§ PROBLEM DETAILS:
Which lines of the entries below run from the one holding "Caça Palavras Sobre o Dia de Santa Luzia" to the one holding "12 Sizes-24 Pcs Press On Nails C1751", inclusive? Set down exactly those lines and no others.

§ LISTED RECORDS:
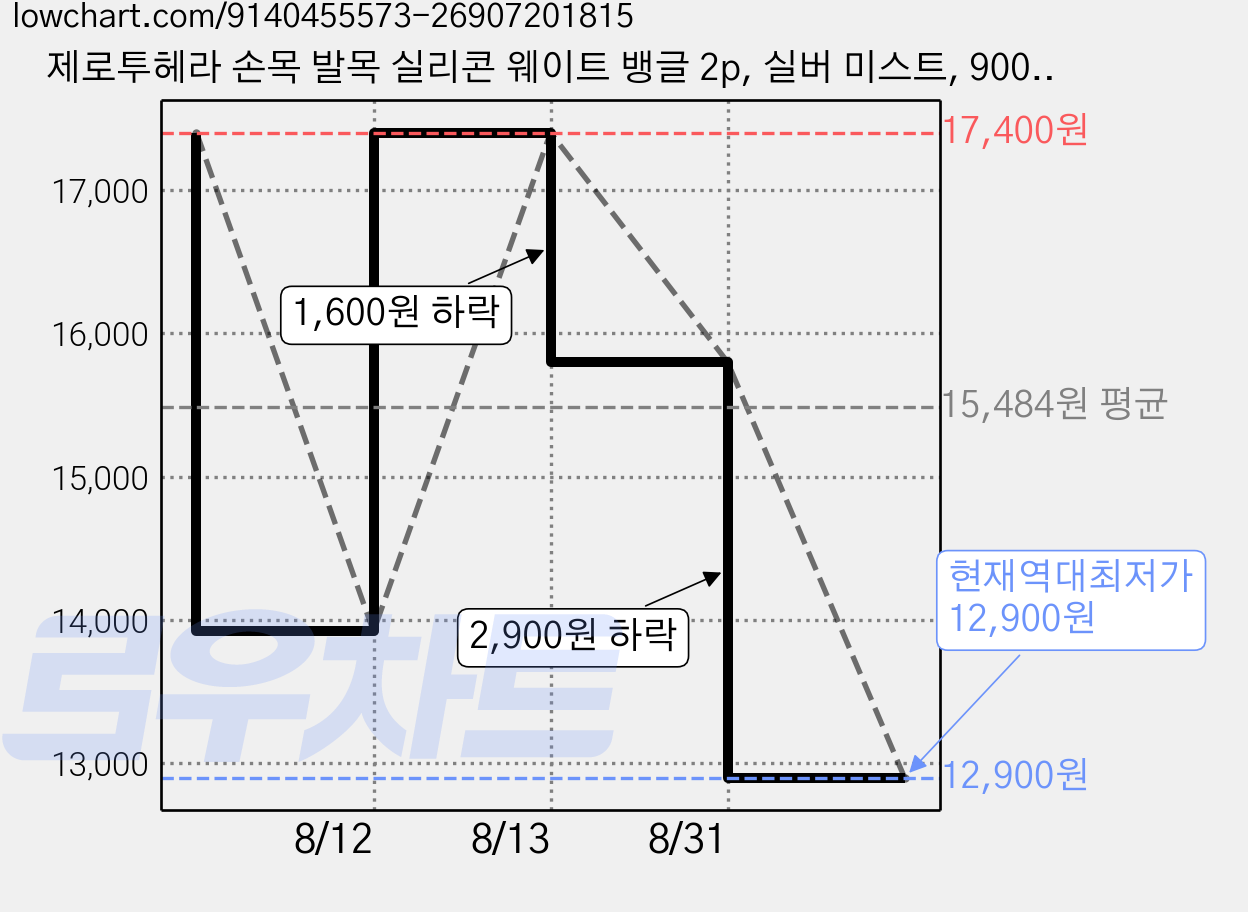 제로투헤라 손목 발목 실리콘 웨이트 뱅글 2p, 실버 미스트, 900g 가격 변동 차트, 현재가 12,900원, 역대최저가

---

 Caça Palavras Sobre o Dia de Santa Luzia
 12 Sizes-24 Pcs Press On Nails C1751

* * *

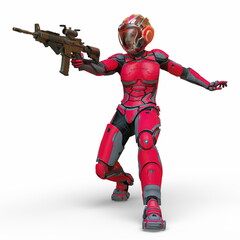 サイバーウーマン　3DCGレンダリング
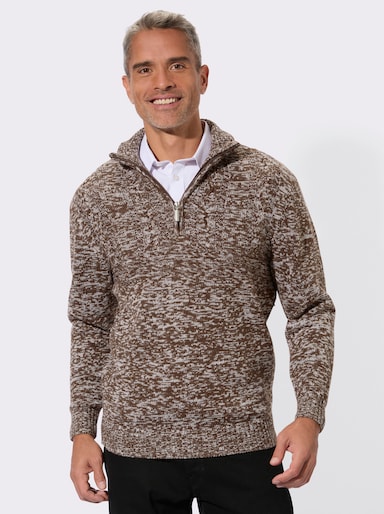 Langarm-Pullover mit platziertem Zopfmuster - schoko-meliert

§ EXERCISE RESPONSE:
 Caça Palavras Sobre o Dia de Santa Luzia
 12 Sizes-24 Pcs Press On Nails C1751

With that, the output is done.